Thank goodness, this doesn't go as far as some strategists who have argued that we need troops specifically trained to wage counter-insurgency separate from our conventional military (sometimes called a constabulary corps, for example, which I think is a farcical concept in its extreme variety), I've always disagreed. Any well trained soldier can fight insurgents, I hold. While some training for the special skills are necessary for making a soldier (or Marine) a COIN troop rather than a conventional fighter, the differences are not so great that we need separate combat forces for each mission.
The Brookings Institution bolsters my belief:
In contrast to many critics who believed that the U.S. military (and particularly the Army) would take years to adapt proper counterinsurgency (COIN) and stabilization techniques, American forces appear to have embraced them in just a matter of months. Every division, brigade and battalion staff we met with, as well as soldiers and Marine in the field, had internalized the principles of COIN operations. More impressive still, they had also grasped one of the most important and most difficult of those, which is the need to adapt all of the other principles to specific circumstances in each locality. We found that U.S. soldiers and Marines were applying the principles of successful COIN and stability operations to the conditions of very different provinces, cities, towns and neighborhoods with great sophistication and ingenuity.
I admit that conscript armies are more difficult to focus on COIN, so the observation that you need troops specially focused on COIN is only obsolete in regard to the United States rather than generally wrong. We have volunteers of high quality who receive excellent training.
If directed by officers who understand counter-insurgency, supported by special forces, and bolstered by some specially trained troops to train indigenous forces, any well trained troop will do well for the bulk COIN work of patrols, hunting insurgents, and interacting with the people.
And if done right, we will have trained allies to fight instead of having to use our forces. At worst, if we must fight a counterinsurgency, we'd retain institutional knowledge of fighting insurgencies that will outlast this generation of officers and senior NCOs.

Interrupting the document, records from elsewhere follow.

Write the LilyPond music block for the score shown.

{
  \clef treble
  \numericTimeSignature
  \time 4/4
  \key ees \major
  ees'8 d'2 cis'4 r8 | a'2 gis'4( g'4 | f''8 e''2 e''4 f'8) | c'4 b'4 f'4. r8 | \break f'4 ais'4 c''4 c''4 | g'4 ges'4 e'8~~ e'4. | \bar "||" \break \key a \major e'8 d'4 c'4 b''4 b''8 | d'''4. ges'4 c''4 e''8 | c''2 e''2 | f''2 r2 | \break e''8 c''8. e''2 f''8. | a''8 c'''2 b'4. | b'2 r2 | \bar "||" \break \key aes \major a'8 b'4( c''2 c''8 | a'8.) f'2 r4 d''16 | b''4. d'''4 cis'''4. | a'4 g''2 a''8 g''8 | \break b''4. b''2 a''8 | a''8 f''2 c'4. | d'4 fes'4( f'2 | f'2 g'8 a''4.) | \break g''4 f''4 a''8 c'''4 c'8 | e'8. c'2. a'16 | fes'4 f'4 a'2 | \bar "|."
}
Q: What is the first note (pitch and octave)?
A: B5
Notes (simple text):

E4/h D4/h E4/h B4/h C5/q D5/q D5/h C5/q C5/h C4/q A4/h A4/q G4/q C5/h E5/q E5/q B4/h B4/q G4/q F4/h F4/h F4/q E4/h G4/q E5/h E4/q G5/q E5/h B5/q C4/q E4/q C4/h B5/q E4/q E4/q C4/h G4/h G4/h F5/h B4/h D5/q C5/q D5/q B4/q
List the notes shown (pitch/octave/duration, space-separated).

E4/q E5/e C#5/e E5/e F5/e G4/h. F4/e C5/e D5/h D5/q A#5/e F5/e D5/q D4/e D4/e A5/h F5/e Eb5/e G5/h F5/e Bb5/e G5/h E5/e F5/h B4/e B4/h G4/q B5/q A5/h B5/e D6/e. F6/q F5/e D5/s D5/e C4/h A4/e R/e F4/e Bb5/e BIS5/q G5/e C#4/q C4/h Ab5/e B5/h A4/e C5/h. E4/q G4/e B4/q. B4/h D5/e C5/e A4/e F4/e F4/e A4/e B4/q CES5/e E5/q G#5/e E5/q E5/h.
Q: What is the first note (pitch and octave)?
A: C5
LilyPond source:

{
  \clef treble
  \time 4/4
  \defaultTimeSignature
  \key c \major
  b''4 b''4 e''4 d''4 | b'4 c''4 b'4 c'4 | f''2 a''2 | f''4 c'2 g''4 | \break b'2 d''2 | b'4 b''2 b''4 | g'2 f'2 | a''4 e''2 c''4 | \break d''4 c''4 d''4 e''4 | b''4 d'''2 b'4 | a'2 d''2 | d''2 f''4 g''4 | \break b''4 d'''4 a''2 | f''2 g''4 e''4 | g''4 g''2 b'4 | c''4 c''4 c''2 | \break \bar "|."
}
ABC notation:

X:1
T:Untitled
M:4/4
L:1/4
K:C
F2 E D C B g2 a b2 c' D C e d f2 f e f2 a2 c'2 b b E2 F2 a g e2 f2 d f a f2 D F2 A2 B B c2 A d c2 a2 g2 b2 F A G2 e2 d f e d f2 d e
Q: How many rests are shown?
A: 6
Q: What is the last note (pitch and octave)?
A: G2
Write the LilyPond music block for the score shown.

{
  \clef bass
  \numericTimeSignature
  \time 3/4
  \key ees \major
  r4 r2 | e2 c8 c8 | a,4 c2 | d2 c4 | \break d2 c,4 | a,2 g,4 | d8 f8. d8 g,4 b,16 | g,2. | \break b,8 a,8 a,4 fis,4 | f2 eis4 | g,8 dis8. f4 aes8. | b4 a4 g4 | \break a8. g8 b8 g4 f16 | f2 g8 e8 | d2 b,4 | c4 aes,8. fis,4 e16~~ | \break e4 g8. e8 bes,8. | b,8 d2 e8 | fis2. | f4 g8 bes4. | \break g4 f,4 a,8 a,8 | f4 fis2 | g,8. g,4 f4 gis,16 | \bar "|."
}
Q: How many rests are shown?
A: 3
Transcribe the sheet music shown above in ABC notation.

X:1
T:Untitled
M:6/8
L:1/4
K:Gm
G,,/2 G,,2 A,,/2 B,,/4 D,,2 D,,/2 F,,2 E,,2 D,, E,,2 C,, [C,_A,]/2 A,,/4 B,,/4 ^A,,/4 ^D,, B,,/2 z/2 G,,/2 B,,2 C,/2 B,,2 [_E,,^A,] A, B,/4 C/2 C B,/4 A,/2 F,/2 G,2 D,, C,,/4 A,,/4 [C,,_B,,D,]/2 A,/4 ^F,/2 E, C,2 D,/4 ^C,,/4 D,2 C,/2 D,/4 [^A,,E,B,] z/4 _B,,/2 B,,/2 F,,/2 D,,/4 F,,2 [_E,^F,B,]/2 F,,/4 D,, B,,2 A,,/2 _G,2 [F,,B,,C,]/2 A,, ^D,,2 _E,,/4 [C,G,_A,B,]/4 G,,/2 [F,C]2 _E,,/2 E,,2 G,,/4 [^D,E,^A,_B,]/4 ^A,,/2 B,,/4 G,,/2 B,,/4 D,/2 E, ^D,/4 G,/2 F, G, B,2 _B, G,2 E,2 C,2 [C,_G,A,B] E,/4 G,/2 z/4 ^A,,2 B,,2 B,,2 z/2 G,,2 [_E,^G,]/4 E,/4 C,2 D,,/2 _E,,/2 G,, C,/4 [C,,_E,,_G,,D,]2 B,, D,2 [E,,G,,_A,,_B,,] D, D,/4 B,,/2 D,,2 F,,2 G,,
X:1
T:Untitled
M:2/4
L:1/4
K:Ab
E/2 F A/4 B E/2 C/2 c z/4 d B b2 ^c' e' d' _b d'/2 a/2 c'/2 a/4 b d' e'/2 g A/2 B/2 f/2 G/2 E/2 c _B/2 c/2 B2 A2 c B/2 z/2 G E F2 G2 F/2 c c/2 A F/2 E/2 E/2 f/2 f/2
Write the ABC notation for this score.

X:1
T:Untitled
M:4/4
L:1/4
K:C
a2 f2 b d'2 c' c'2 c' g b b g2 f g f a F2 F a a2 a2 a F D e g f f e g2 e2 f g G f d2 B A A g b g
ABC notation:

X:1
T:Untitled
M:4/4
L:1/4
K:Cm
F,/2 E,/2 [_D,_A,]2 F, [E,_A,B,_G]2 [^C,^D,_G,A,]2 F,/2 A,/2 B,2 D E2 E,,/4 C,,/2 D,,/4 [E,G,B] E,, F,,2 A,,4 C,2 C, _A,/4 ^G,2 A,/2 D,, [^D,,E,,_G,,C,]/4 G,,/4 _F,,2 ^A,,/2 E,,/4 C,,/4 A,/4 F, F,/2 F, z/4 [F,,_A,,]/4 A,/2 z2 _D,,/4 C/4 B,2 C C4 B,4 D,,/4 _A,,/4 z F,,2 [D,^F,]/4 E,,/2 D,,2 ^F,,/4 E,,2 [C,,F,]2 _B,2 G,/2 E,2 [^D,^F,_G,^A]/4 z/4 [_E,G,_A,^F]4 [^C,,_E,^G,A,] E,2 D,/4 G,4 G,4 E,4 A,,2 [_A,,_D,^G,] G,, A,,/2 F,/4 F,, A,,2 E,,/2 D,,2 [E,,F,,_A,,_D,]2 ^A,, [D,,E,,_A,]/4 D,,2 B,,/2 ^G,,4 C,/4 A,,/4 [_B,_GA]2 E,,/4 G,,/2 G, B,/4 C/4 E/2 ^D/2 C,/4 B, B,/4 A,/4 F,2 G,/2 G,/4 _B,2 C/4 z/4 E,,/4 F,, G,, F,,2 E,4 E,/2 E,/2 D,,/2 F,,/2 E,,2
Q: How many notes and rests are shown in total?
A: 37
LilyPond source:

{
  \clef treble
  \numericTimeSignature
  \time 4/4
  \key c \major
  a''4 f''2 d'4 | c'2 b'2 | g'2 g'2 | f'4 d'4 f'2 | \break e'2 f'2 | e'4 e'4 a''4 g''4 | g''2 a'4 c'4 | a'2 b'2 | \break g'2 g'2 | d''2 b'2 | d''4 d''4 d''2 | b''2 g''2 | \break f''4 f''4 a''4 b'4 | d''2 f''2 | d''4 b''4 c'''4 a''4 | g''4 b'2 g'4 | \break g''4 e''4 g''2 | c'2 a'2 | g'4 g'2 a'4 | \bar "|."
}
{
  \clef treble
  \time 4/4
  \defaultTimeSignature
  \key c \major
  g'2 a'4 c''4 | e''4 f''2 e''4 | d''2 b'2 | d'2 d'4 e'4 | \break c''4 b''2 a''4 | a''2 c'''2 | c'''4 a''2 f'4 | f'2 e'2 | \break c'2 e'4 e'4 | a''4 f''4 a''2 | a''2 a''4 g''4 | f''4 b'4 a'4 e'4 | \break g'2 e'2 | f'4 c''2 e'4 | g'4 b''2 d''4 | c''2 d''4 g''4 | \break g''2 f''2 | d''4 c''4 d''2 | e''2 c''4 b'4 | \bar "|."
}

So instead of thinking we need troops specially trained for COIN, we should really look to making counter-insurgency a separate career path in the officer corps like armor, infantry, and artillery (among many others) are now. If those who lead regular troops (and who require far more time to train) are ready from day one of a war, we can adapt our campaigns quickly.
Well trained troops can fight any enemy they face, if well led. Our modern ground forces are in general of the quality that in the past distinguished good COIN fighters from average rabble infantry that did more harm than good "interacting" with the population.
Lead our troops well and they will fight well. No matter where we send them and regardless of the mission.
I'm hoping Secretary Gates supports this type of adaptation to our experience in Iraq and Afghanistan rather than assuming that we won't need to master conventional warfare in the near future.